**EXERCISE DATA**:
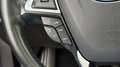 Ford Mondeo Titanium 2.0TDCI LEDER+PANO+NaviPLUS+LED Vert - thumbnail 19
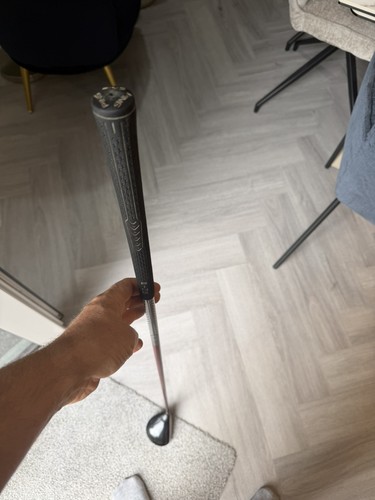 Very good condition ping - ping, 3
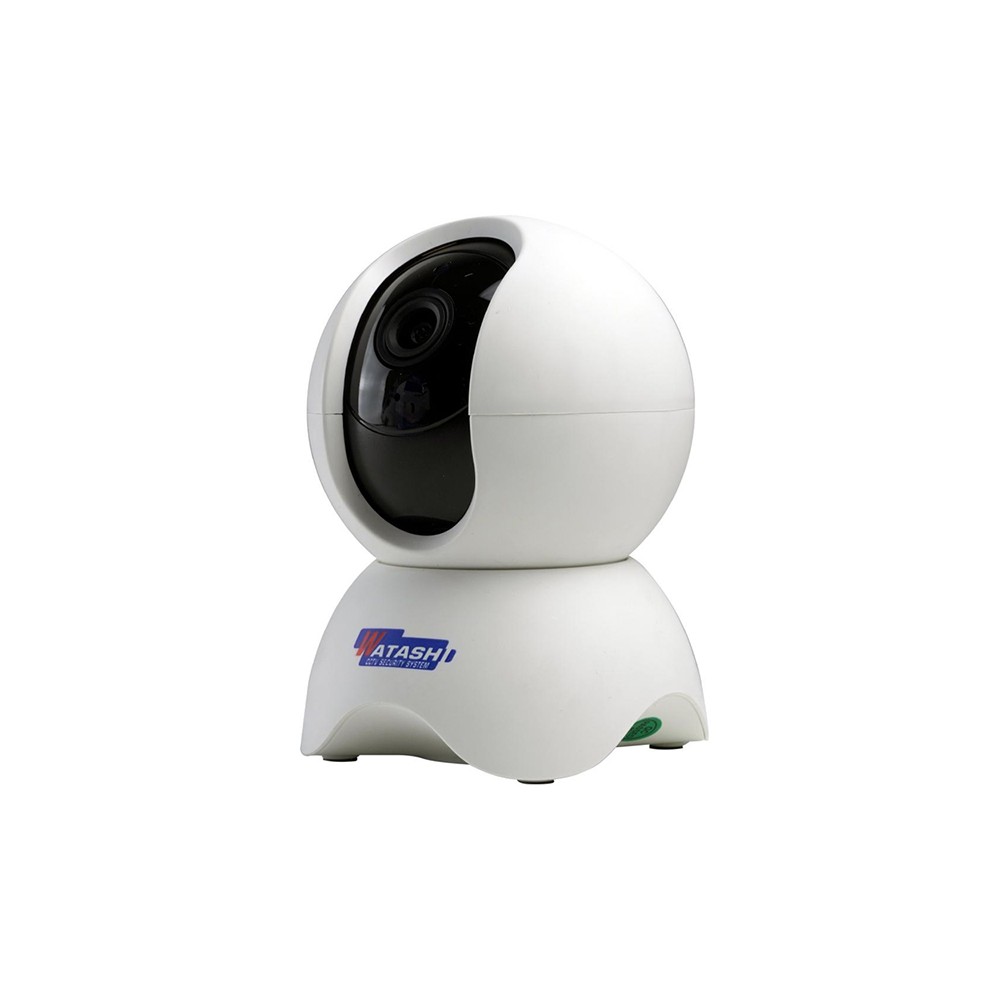 watashi wifi camera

**WHAT IS EXPECTED**:
Write the listing out in full, exactly; no images.

**YOUR RESPONSE**:
 Ford Mondeo Titanium 2.0TDCI LEDER+PANO+NaviPLUS+LED Vert - thumbnail 19
 Very good condition ping - ping, 3
 watashi wifi camera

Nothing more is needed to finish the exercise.